■ ASSIGNMENT ■
Go through the following data and transcribe exactly the stretch of lines from the one holding "NWT Roberta Roller" to the one holding "大码胖MM法式优雅风格纹衬衫搭配吊带裙女夏季巨好看纯欲修身套装", both included.

■ PROVIDED DATA ■
***

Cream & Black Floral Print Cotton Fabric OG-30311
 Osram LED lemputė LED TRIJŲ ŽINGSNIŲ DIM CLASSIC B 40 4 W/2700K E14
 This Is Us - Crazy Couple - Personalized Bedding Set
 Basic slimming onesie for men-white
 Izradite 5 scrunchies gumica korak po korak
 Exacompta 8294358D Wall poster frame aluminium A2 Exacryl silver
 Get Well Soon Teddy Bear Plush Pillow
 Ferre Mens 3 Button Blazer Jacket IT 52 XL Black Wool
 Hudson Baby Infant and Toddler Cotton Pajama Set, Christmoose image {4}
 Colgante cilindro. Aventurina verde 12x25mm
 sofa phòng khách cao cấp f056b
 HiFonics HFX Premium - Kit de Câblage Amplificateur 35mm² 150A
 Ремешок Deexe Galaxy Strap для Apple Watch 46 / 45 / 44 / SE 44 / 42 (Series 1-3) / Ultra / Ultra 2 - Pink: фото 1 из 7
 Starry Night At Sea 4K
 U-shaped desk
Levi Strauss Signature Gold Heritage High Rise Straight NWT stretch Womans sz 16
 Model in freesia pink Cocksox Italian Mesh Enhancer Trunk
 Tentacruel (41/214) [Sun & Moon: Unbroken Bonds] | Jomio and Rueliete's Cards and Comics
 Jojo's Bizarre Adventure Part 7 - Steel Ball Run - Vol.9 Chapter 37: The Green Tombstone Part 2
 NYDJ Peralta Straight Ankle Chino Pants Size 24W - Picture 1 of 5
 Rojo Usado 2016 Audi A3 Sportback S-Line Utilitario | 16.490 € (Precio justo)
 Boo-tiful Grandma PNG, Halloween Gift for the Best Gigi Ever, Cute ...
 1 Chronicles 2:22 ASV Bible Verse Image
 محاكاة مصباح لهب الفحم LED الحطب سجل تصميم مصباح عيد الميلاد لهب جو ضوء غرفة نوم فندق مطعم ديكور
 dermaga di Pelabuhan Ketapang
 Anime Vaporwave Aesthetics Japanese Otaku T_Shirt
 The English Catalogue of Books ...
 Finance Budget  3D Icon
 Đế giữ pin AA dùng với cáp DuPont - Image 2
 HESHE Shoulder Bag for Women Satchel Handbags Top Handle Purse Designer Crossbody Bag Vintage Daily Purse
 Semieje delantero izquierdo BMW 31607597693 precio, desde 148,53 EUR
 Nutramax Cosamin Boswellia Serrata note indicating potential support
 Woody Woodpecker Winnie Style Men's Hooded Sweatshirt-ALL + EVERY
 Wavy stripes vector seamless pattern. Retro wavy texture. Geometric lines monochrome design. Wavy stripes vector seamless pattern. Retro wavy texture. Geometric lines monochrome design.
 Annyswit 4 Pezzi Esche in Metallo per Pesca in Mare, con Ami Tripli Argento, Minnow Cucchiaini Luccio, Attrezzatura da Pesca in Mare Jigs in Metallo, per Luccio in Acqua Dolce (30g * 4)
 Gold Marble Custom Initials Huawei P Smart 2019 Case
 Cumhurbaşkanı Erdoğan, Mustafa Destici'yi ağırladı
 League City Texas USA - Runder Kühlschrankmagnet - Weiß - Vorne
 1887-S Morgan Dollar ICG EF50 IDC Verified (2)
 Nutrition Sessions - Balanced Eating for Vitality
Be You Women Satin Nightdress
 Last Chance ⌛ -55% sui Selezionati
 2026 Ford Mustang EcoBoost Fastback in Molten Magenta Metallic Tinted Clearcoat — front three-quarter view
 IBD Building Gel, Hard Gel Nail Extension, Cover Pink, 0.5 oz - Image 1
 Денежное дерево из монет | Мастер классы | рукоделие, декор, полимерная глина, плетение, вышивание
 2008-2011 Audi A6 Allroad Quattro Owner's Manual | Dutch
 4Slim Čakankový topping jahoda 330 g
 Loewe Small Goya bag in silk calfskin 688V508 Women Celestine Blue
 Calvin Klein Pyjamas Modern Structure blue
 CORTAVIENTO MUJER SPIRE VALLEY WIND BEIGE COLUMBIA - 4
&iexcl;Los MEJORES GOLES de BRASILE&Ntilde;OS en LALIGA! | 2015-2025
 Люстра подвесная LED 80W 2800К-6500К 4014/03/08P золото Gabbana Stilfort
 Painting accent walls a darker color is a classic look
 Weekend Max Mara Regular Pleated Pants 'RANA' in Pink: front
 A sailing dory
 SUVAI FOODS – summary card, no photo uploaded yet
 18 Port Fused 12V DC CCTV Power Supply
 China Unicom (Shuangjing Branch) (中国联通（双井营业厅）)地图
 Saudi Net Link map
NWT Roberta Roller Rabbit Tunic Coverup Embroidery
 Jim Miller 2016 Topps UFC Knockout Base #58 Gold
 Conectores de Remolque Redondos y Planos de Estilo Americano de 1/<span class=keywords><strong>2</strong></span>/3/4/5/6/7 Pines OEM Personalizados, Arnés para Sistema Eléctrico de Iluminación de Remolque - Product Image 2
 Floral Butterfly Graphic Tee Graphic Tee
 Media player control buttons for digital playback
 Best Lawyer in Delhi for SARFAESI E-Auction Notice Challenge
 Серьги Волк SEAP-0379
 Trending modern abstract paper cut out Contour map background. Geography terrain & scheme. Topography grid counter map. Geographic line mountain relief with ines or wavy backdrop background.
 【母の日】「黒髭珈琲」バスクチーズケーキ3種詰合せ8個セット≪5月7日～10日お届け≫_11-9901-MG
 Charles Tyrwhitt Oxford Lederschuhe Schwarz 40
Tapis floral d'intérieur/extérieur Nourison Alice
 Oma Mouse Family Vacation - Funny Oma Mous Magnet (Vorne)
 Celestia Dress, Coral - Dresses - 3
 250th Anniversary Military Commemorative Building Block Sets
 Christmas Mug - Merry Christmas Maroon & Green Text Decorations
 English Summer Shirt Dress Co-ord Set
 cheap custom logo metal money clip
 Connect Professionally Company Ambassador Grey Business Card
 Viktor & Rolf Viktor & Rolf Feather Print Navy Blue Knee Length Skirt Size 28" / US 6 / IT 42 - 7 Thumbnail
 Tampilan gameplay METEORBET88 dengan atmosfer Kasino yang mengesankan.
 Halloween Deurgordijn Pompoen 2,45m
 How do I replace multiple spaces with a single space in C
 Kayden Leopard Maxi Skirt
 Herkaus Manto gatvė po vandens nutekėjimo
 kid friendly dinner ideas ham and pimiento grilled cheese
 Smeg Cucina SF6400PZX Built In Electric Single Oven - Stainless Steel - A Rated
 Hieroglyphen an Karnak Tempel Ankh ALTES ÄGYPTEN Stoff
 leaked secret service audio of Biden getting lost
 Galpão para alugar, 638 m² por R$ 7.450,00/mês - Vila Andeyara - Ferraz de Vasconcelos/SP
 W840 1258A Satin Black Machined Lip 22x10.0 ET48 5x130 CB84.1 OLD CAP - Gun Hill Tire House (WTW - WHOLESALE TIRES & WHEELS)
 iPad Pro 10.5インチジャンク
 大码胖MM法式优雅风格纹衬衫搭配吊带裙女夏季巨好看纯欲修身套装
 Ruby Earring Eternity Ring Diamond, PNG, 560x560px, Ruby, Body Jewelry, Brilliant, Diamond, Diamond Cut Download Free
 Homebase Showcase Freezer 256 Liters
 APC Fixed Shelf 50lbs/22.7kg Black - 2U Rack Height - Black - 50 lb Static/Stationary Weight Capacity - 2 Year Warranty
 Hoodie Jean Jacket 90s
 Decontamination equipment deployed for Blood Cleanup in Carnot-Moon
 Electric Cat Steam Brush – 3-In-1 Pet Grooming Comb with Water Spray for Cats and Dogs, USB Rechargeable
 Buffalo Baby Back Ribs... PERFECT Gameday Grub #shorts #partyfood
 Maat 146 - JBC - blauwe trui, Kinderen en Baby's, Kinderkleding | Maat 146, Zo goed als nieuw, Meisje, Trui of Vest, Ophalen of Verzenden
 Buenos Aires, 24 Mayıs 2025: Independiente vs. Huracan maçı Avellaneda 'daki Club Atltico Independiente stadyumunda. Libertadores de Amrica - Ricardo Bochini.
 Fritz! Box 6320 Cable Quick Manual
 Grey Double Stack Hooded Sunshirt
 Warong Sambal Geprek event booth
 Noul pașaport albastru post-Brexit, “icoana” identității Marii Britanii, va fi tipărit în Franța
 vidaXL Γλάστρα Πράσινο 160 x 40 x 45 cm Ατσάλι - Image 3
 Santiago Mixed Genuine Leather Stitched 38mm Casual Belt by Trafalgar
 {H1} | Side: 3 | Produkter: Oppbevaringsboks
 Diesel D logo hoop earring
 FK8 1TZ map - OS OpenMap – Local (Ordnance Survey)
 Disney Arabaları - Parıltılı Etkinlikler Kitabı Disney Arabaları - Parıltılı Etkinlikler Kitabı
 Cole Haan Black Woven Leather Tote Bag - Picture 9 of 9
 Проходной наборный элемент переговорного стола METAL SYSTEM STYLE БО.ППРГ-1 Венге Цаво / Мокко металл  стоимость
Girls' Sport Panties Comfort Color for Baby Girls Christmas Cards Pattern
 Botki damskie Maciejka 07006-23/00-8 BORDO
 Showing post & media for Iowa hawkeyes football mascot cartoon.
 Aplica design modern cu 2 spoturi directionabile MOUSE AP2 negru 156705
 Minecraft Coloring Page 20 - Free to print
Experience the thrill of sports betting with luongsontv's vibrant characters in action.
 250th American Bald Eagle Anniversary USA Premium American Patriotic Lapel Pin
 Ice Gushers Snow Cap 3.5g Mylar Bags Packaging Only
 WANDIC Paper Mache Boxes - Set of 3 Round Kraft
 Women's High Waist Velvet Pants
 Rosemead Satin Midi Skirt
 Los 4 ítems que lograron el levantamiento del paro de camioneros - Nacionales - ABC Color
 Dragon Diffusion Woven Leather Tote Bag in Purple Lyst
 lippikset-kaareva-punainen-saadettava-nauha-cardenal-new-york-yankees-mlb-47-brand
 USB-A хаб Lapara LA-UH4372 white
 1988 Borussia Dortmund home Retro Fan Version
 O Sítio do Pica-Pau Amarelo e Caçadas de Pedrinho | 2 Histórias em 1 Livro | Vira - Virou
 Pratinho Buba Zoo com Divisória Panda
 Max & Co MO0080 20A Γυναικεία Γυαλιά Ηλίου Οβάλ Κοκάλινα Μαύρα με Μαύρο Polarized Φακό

***

■ EXERCISE ANSWER ■
NWT Roberta Roller Rabbit Tunic Coverup Embroidery
 Jim Miller 2016 Topps UFC Knockout Base #58 Gold
 Conectores de Remolque Redondos y Planos de Estilo Americano de 1/<span class=keywords><strong>2</strong></span>/3/4/5/6/7 Pines OEM Personalizados, Arnés para Sistema Eléctrico de Iluminación de Remolque - Product Image 2
 Floral Butterfly Graphic Tee Graphic Tee
 Media player control buttons for digital playback
 Best Lawyer in Delhi for SARFAESI E-Auction Notice Challenge
 Серьги Волк SEAP-0379
 Trending modern abstract paper cut out Contour map background. Geography terrain & scheme. Topography grid counter map. Geographic line mountain relief with ines or wavy backdrop background.
 【母の日】「黒髭珈琲」バスクチーズケーキ3種詰合せ8個セット≪5月7日～10日お届け≫_11-9901-MG
 Charles Tyrwhitt Oxford Lederschuhe Schwarz 40
Tapis floral d'intérieur/extérieur Nourison Alice
 Oma Mouse Family Vacation - Funny Oma Mous Magnet (Vorne)
 Celestia Dress, Coral - Dresses - 3
 250th Anniversary Military Commemorative Building Block Sets
 Christmas Mug - Merry Christmas Maroon & Green Text Decorations
 English Summer Shirt Dress Co-ord Set
 cheap custom logo metal money clip
 Connect Professionally Company Ambassador Grey Business Card
 Viktor & Rolf Viktor & Rolf Feather Print Navy Blue Knee Length Skirt Size 28" / US 6 / IT 42 - 7 Thumbnail
 Tampilan gameplay METEORBET88 dengan atmosfer Kasino yang mengesankan.
 Halloween Deurgordijn Pompoen 2,45m
 How do I replace multiple spaces with a single space in C
 Kayden Leopard Maxi Skirt
 Herkaus Manto gatvė po vandens nutekėjimo
 kid friendly dinner ideas ham and pimiento grilled cheese
 Smeg Cucina SF6400PZX Built In Electric Single Oven - Stainless Steel - A Rated
 Hieroglyphen an Karnak Tempel Ankh ALTES ÄGYPTEN Stoff
 leaked secret service audio of Biden getting lost
 Galpão para alugar, 638 m² por R$ 7.450,00/mês - Vila Andeyara - Ferraz de Vasconcelos/SP
 W840 1258A Satin Black Machined Lip 22x10.0 ET48 5x130 CB84.1 OLD CAP - Gun Hill Tire House (WTW - WHOLESALE TIRES & WHEELS)
 iPad Pro 10.5インチジャンク
 大码胖MM法式优雅风格纹衬衫搭配吊带裙女夏季巨好看纯欲修身套装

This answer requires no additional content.